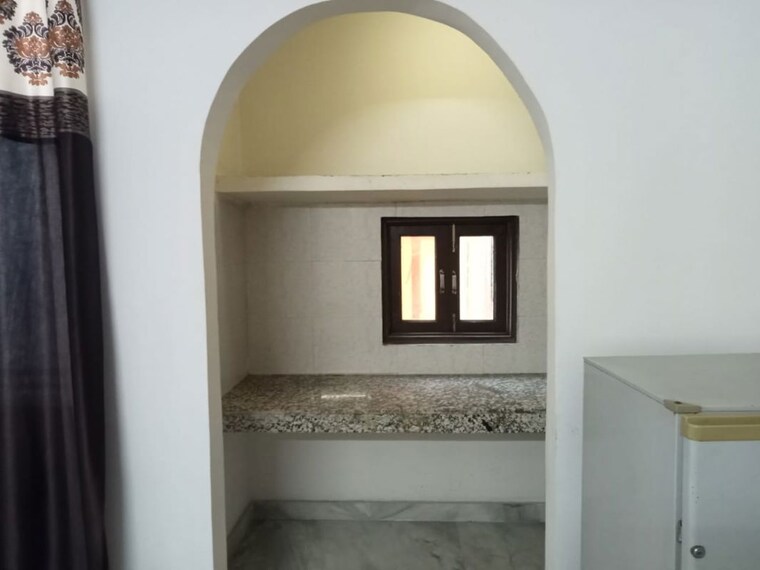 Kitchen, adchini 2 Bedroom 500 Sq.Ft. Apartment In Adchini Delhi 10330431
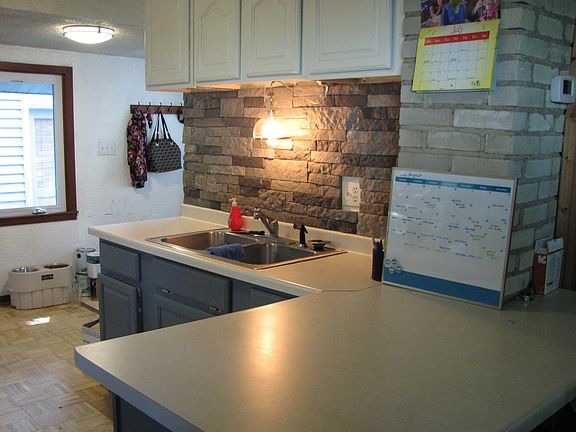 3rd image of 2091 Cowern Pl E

□ □ □ □ □

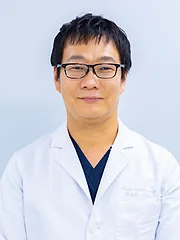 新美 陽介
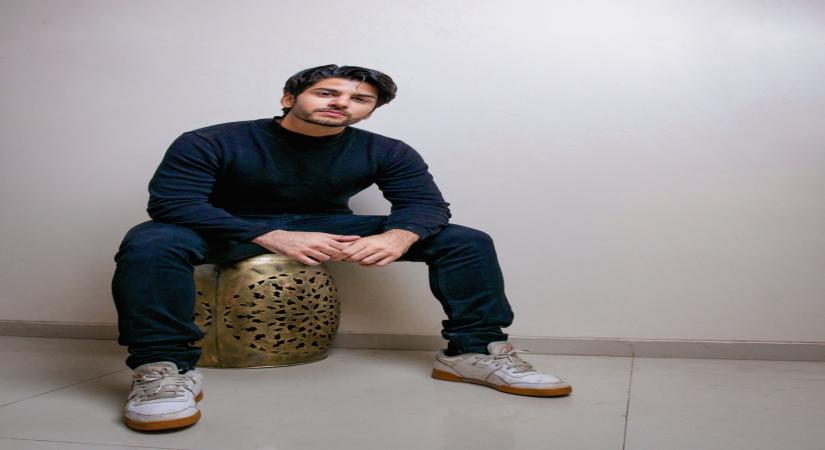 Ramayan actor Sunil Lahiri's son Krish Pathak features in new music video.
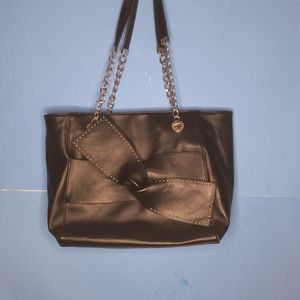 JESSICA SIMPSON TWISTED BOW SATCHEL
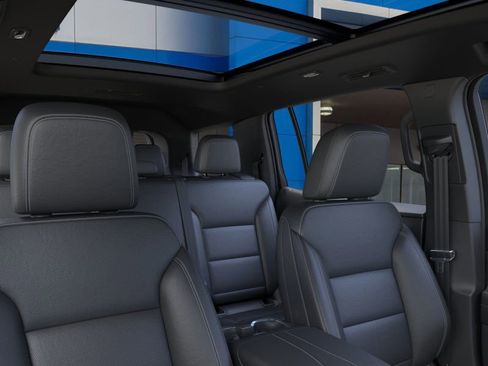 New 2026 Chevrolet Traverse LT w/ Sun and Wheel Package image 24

□ □ □ □ □

Required work
The stretch above running from the line with "Ramayan actor Sunil" through the line with "New 2026 Chevrolet" is all you should copy, exactly, leaving out the pictures.

Solution to the problem
 Ramayan actor Sunil Lahiri's son Krish Pathak features in new music video.
 JESSICA SIMPSON TWISTED BOW SATCHEL
 New 2026 Chevrolet Traverse LT w/ Sun and Wheel Package image 24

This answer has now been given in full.